HyPhy message board
http://www.hyphy.org/cgi-bin/hyphy_forums/YaBB.pl
Methodology Questions >> How to >> Individual substitutions on branches?
http://www.hyphy.org/cgi-bin/hyphy_forums/YaBB.pl?num=1157919486

Message started by Sarah on Sep 10th, 2006 at 1:18pm

Title: Individual substitutions on branches?
Post by Sarah on Sep 10th, 2006 at 1:18pm
Is there any way for HyPhy to list inferred the amino acid substitutions on tree branches?
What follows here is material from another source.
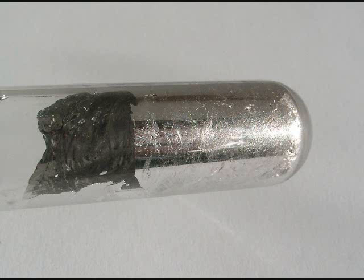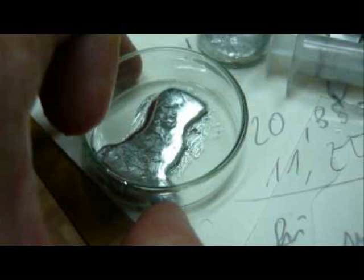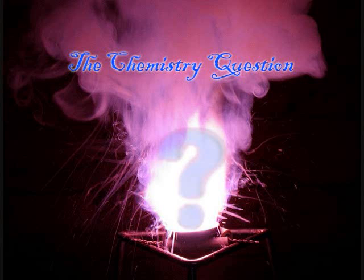Also, it wets glass, meaning it sticks to glass rather than just being repelled by its surface. You can also alloy it with gallium and tin, and make a liquid metal that's a substitute for mercury in thermometers. Thank you for watching the chemistry question.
I could export trees to PAUP and rerun ML analysis there, but it would be nice to stick with one program.

Thanks,
Sarah

Title: Re: Individual substitutions on branches?
Post by artpoon on Sep 11th, 2006 at 5:56pm
Dear Sarah,

As a matter of fact, I need to generate a batch file to do just this thing for my own research.  Theoretically, one could use ReconstructAncestors(lf) to infer the sequences at internal nodes and traverse the tree to assign substitutions to branches, but that would be assuming no more than one substitution per branch.  I'm planning to implement a recently published method that allows for more than one substitution.

After optimizing your likelihood function with the HyPhy GUI, you can select Analysis > Results > Ancestral Sequences to save the reconstructed sequences to a flat-formatted file.  In the batch language, you can use:

DataSet ancseq = ReconstructAncestors(lf)
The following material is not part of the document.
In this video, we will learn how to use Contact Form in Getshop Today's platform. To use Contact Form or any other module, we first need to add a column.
where lf identifies the likelihood function that you just optimized.  I'll need to look over some notes to figure out how to write a batch file to do the next step, i.e. assign substitutions to branches given the intervening nodes.  I'll post something up here as soon as I do.

As far as I know, however, there isn't an existing batch file to do what I think you're asking for exactly (i.e. the strictly correct way), not yet.  If it's okay to assume single substitutions, however, then it's straight-forward (says the post-doc who's going to spend some time now figuring out exactly how to write this into a HYPHY BF).
- Art.

Title: Re: Individual substitutions on branches?
Post by artpoon on Sep 11th, 2006 at 6:53pm
Dear Sarah,

I poked around a little more and realized that there's some batch files in the UserAddins directory that may be of some use to you.  You might want to try CodonMutationToTreeMapper.bf, which will take your likelihood function (has to be called "lf" and generate a PostScript file depicting the inferred tree with the branch or branches highlighted with codon substitutions.
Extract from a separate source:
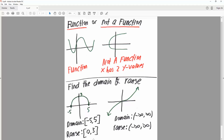In this question we have arrows, meaning the graph continues forever. So the domain goes all the way to negative infinity and to positive infinity. Likewise, the range goes from negative infinity all the way to positive infinity. And that's our final answer.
Sorry if you've already tried this out already =)  I'm going through the batch file to see how I can adapt it.
- Art.

Title: Re: Individual substitutions on branches?
Post by Sergei on Sep 13th, 2006 at 9:00am
Dear Sarah,

As Art pointed out, there are some existing scripts which can report (graphically), inferred substitutions for a given site. If you give me an idea of what kind of output you wanted, I can modify them quite easily.

Cheers,
Sergei

Title: Re: Individual substitutions on branches?
Post by Sarah on Sep 14th, 2006 at 6:43pm
Thanks, Art & Sergei.

I had missed CodonMutationToTreeMapper.bf. It looks good.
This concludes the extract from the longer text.